• _Problem to work on_
Among the entries below, find the line with "Jess Evans In a Muay Thai Fight" and the line with "PWE $5 BMWT". Return exactly those lines and every line between them, but no pictures.

• _Records shown_
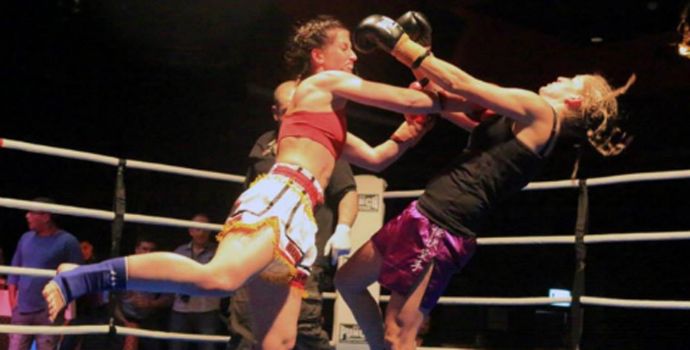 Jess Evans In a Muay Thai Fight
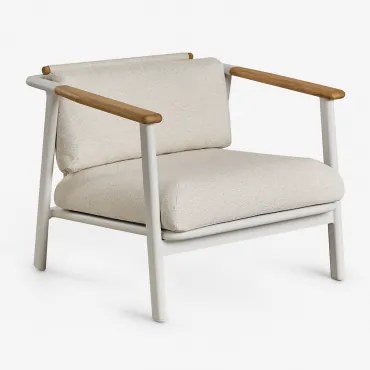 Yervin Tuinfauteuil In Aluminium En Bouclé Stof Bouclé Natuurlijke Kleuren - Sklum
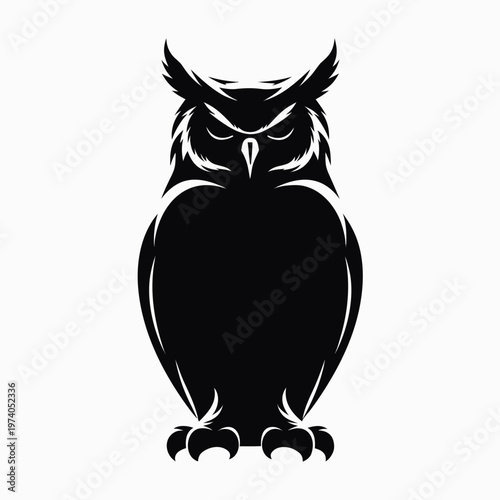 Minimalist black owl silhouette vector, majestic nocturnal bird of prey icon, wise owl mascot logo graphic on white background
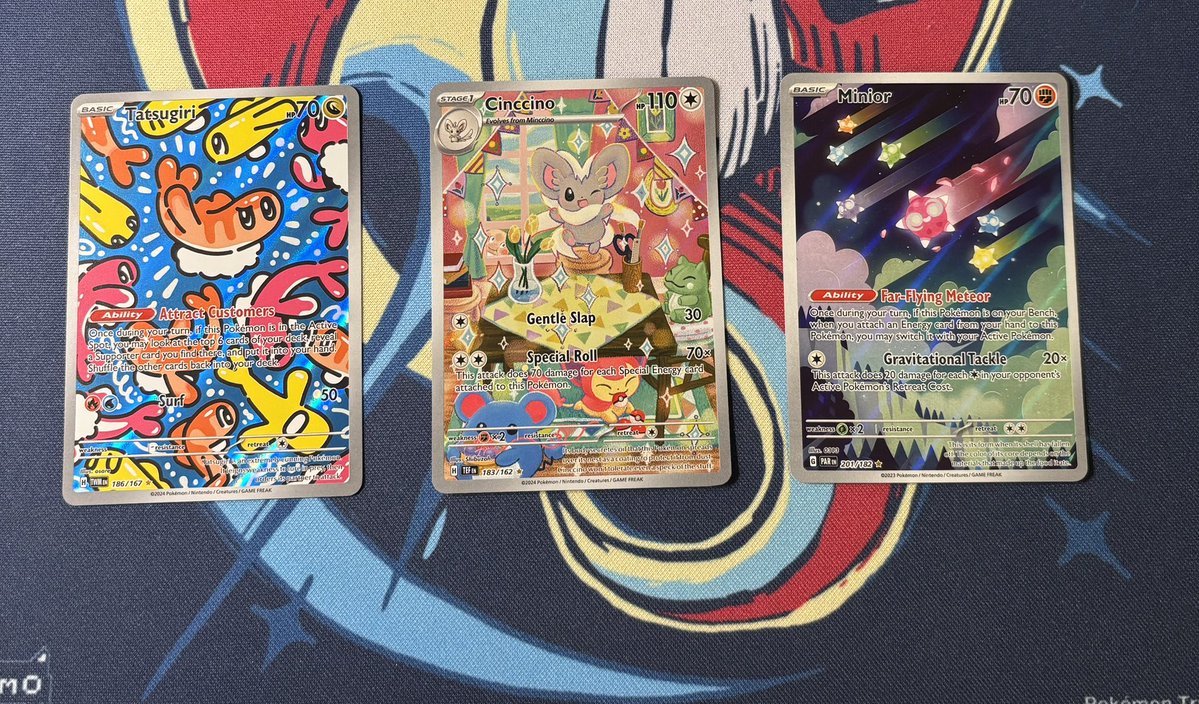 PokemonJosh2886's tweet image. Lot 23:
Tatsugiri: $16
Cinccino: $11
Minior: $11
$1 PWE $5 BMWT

---

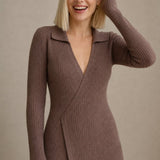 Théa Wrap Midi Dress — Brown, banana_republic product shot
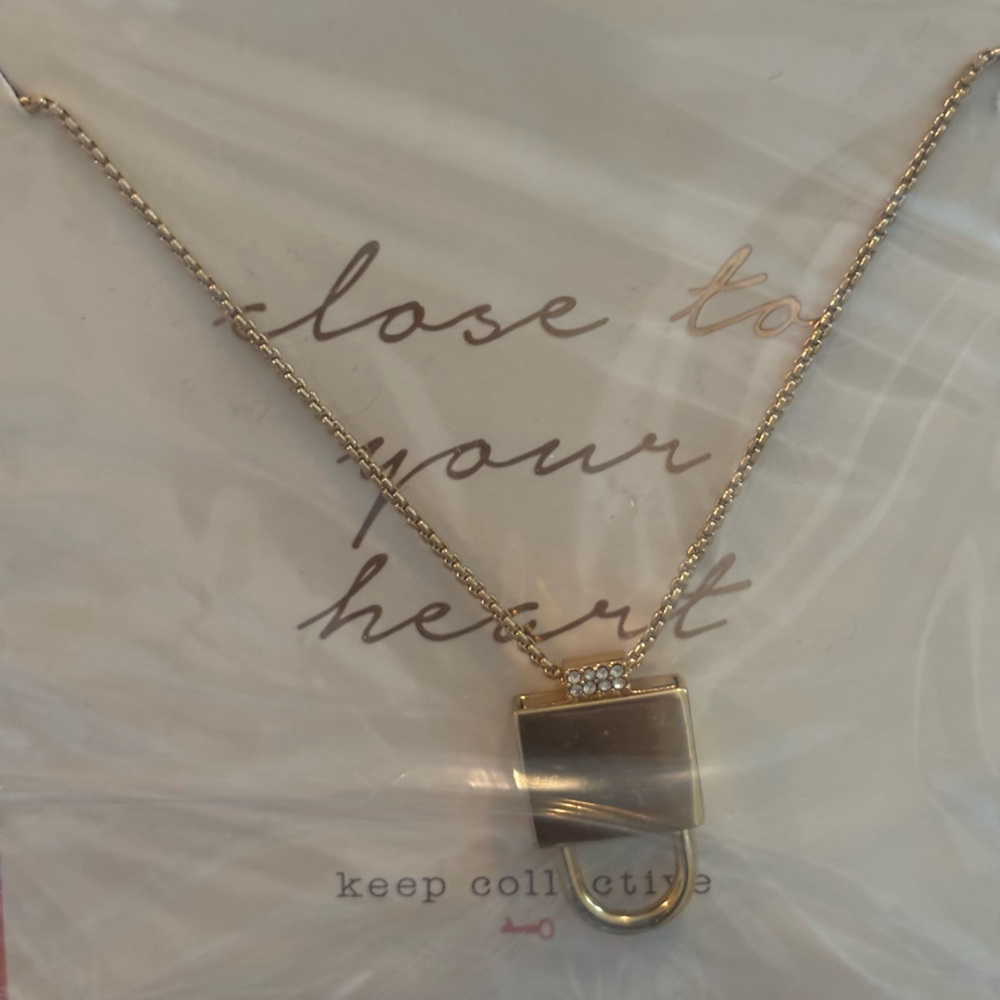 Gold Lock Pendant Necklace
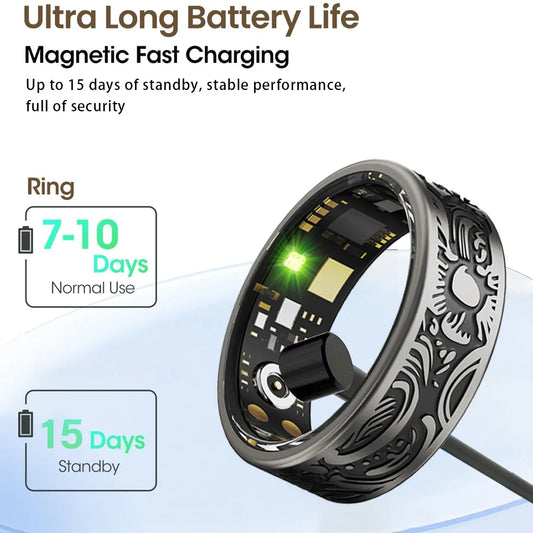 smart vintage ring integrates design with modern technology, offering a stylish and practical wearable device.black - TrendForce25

• _Answer to the exercise_
 Jess Evans In a Muay Thai Fight
 Yervin Tuinfauteuil In Aluminium En Bouclé Stof Bouclé Natuurlijke Kleuren - Sklum
 Minimalist black owl silhouette vector, majestic nocturnal bird of prey icon, wise owl mascot logo graphic on white background
 PokemonJosh2886's tweet image. Lot 23:
Tatsugiri: $16
Cinccino: $11
Minior: $11
$1 PWE $5 BMWT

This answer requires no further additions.